# 24v vs 12v solenoid



## Arris138

Is there any good reason to use 24 volt solenoids versus 12 volt in common haunt props? It seems that maybe the 24's are easier to find surplus, but is there any real mechanical advantage?


----------



## bradbaum

Not mechanical but electrical advantage.

the higher the voltage the lower the current required to fire the solenoid.

P / E = I

24 watts / 24 volts = 1 amp

24 watts / 12 volts = 2 amp

however, due to prop design, sometimes it is easier to use the 12 volts and waste the power.


----------



## HAUNTEDBARN

You are correct with the PIE formula.. But 1 amp will not change the wire size.In consruction this would effect the price/size on the cable and conduit (much higher amps).I think in this case use the solenoids you have just use the correct transformer of the job.24v or 12v both are low volts/amps.....


----------



## bradbaum

The values I used were just an example, the actual power a solenoid uses will be much less.

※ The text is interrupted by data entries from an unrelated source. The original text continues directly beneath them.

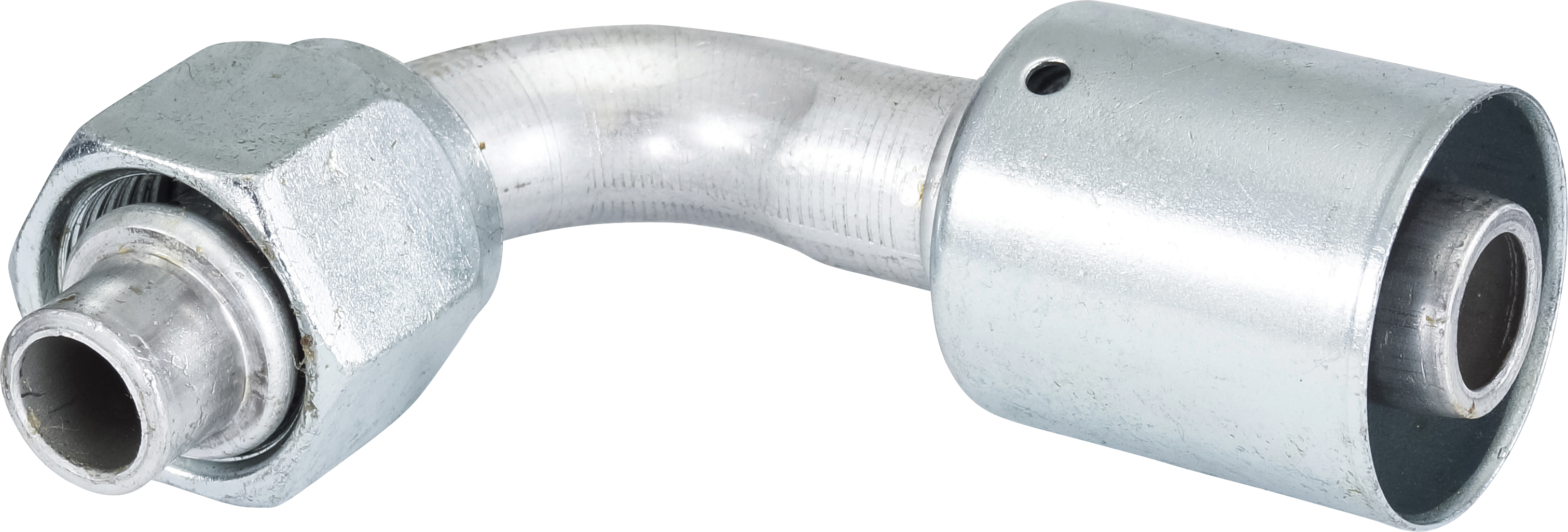 HOSE FITTING, BEADLOCK, FOR, 90 DEG, #10, #12, ALUMINIUM, STANDARD, STEP-UP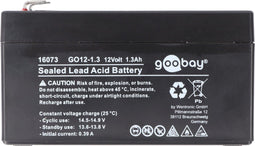 Goobay GO12-1.3 (1300 mAh, 12 V) - Faston (4,8 mm) loodaccu, BattG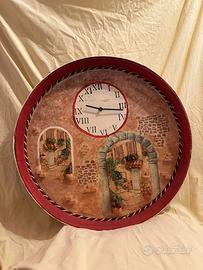 Orologio su coperchio di botte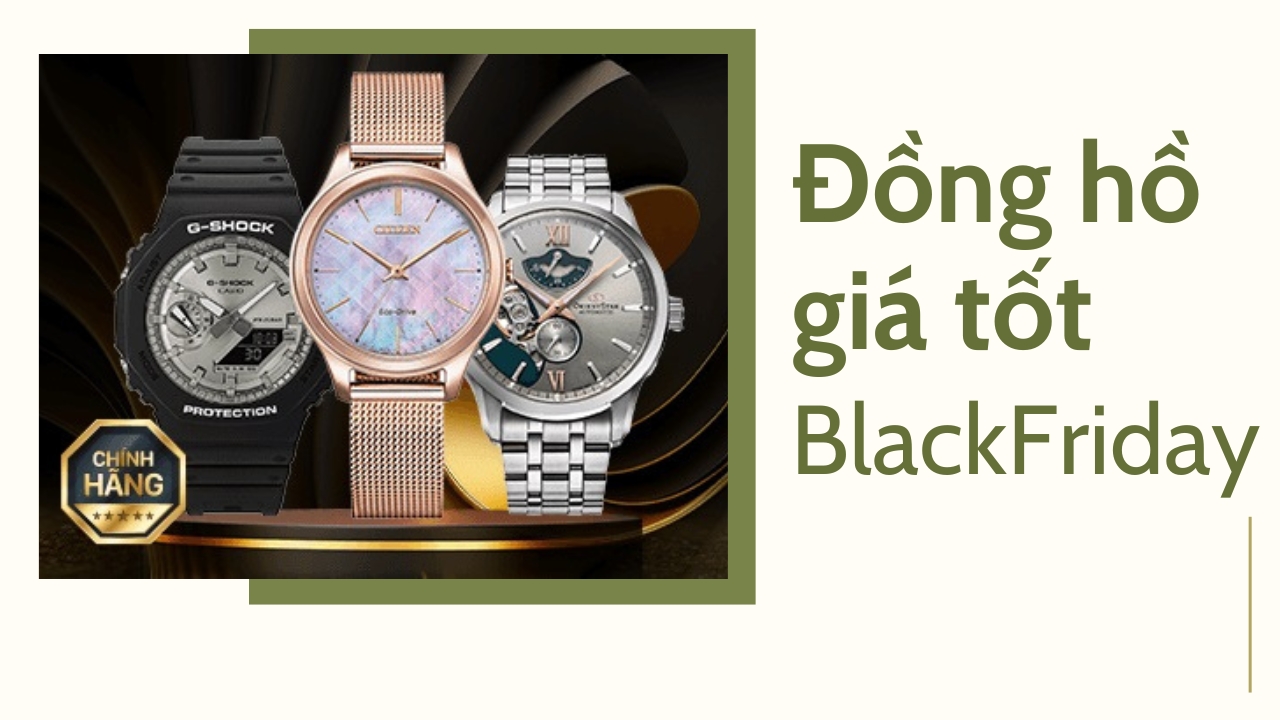 Chỉ còn 2 ngày nữa hết Black Friday thì sao không mua ngay đồng hồ thời trang tại Thế Giới Di Động thôi!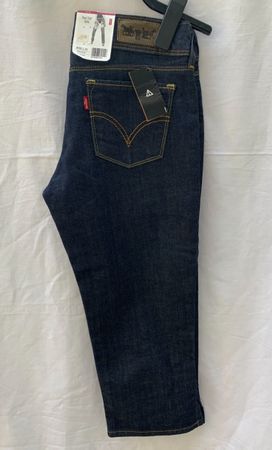 Jeans 3/4 LEVI'S foncé red tab girls standard neuf W30 L20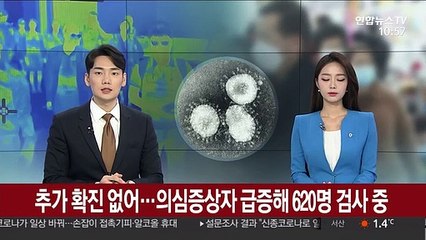 추가 확진 없어…의심증상자 급증해 620명 검사 중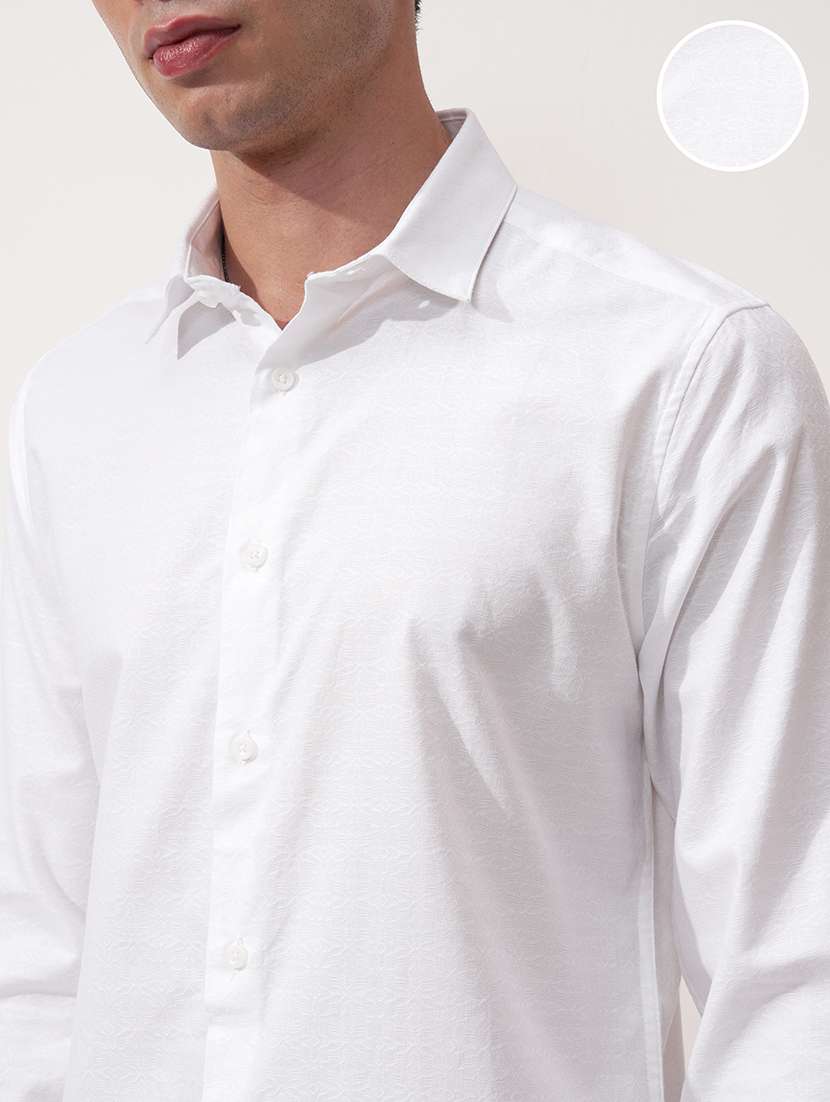 men self design long sleeve regular fit casual shirt - 22469800 -  Standard Image - 1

In an automated factory, where hundreds or thousands of solenoid valves are used in a giant machine - the current savings really add up.

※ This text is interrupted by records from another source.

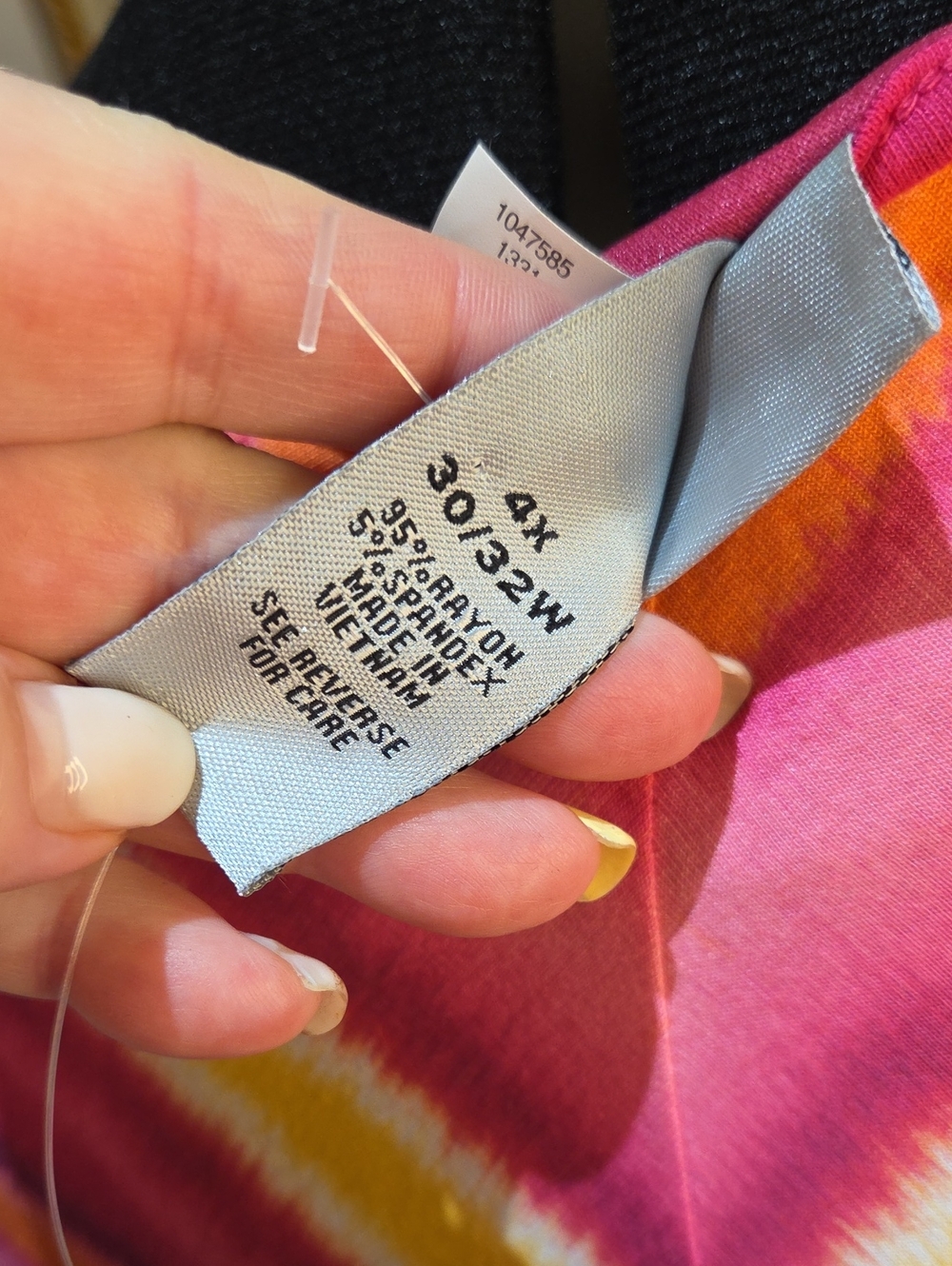 Nwt 4X Catherines Pink Chevron Sleeveless Maxi Dress with Keyhole No Pockets - Picture 12 of 16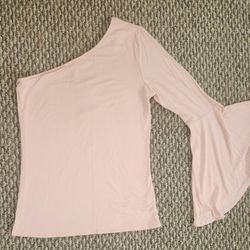 Pink One Shoulder Top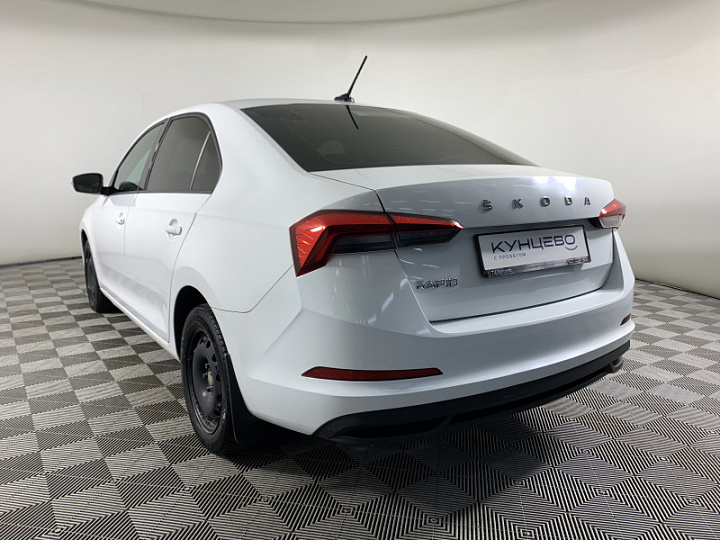 SKODA Rapid 1.6, 2020 года, Автоматическая, БЕЛЫЙ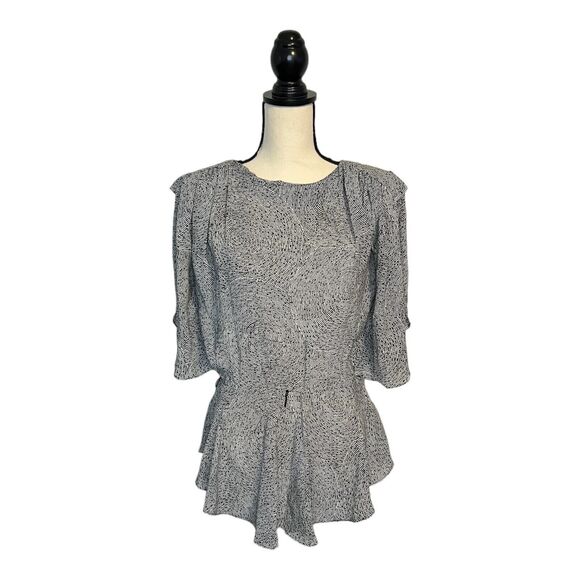 Vintage Ladies Garment Union Made Blouse Women's Large Geometric Circles Print - Picture 2 of 6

In haunting, where we have one or two solenoids - it really doesn't matter. What does mater is matching it to the prop controller, some controllers can only control 12v while others like the PROP-1 sink the current to ground, so again it doesn't matter.


----------



## HAUNTEDBARN

yes I agree I lov ele. talk...


----------



## Arris138

Aah, makes sense. Thanks for the quick replies


----------



## ouizul1

I always thought Power represented the energy used/consumed. If a device consumes 24 watts...it should be the same amount of energy consumed whether it's using 1 amp at 24 volts, or 2 amps at 12 volts, it's still 24 watts, right? 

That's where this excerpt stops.